Start of PROVIDED ENTRIES

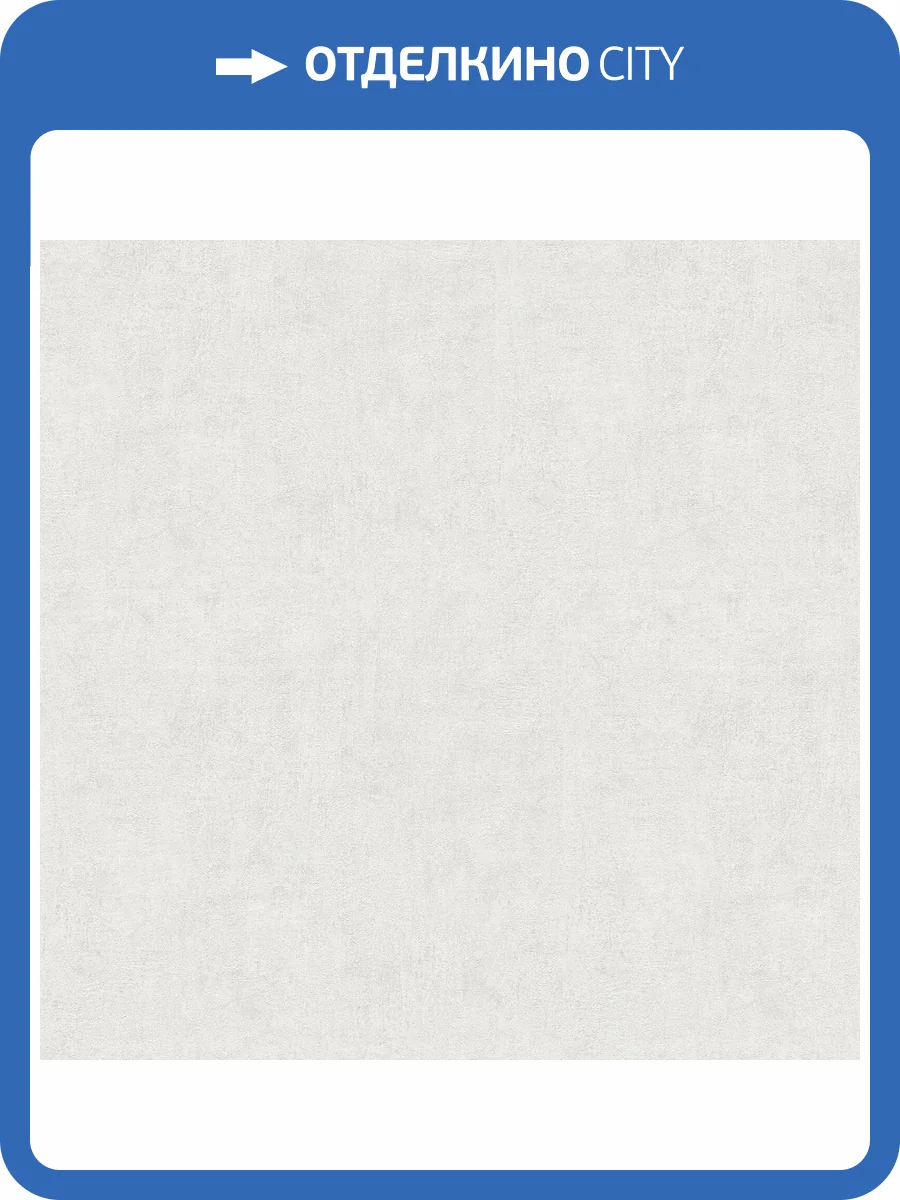 Обои A.S. Creation Alive Eterna 79052-3 фото 2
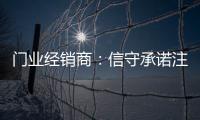 门业经销商：信守承诺注品质 实现企业腾飞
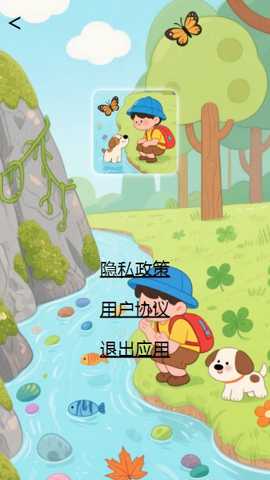 找茬停不下来 vOfficial-1.00 安卓版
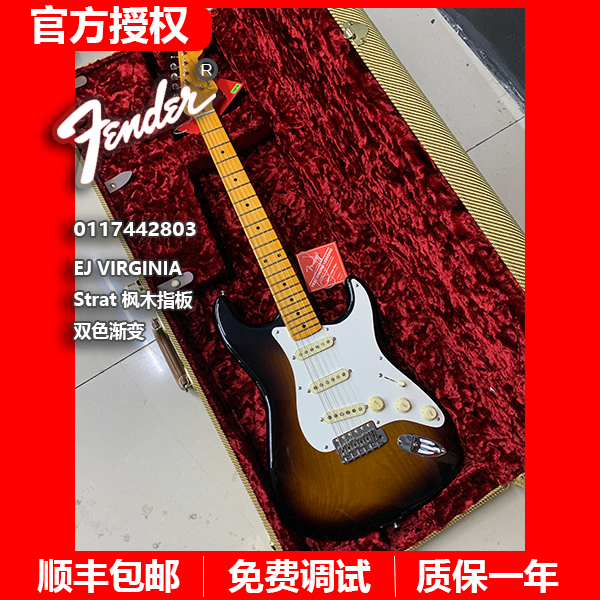 特价Fender芬达电吉他0117442803美产艺术家EricJ St双色渐变
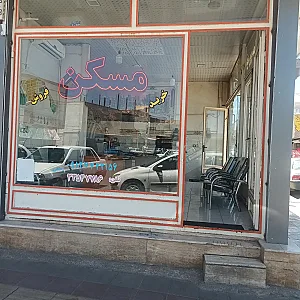املاک صدف زنجان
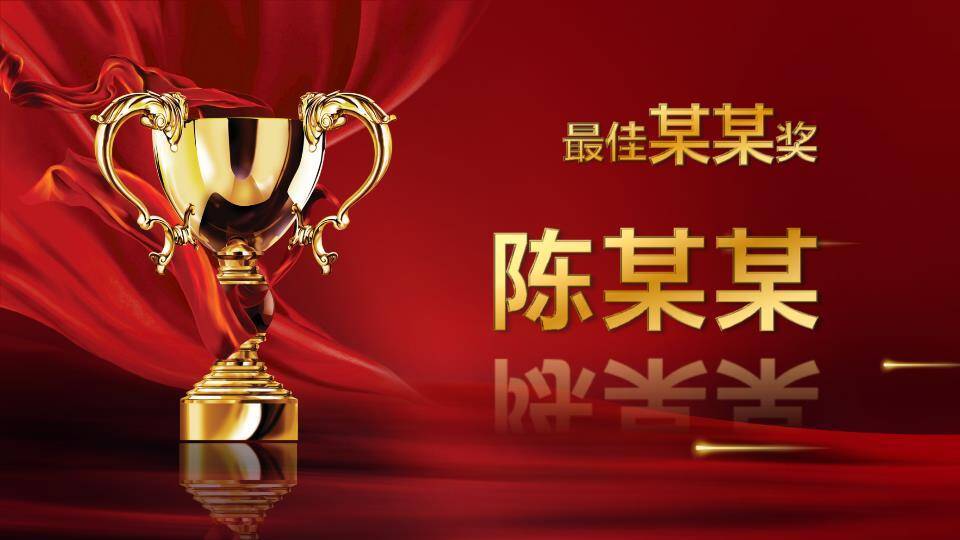 星耀光速风年度颁奖盛典PPT模板2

End of PROVIDED ENTRIES

- [EXERCISE OBJECTIVE] Print the data above exactly; drop every picture.

- [RESPONSE FOR THIS EXERCISE]
 Обои A.S. Creation Alive Eterna 79052-3 фото 2
 门业经销商：信守承诺注品质 实现企业腾飞
 找茬停不下来 vOfficial-1.00 安卓版
 特价Fender芬达电吉他0117442803美产艺术家EricJ St双色渐变
املاک صدف زنجان
 星耀光速风年度颁奖盛典PPT模板2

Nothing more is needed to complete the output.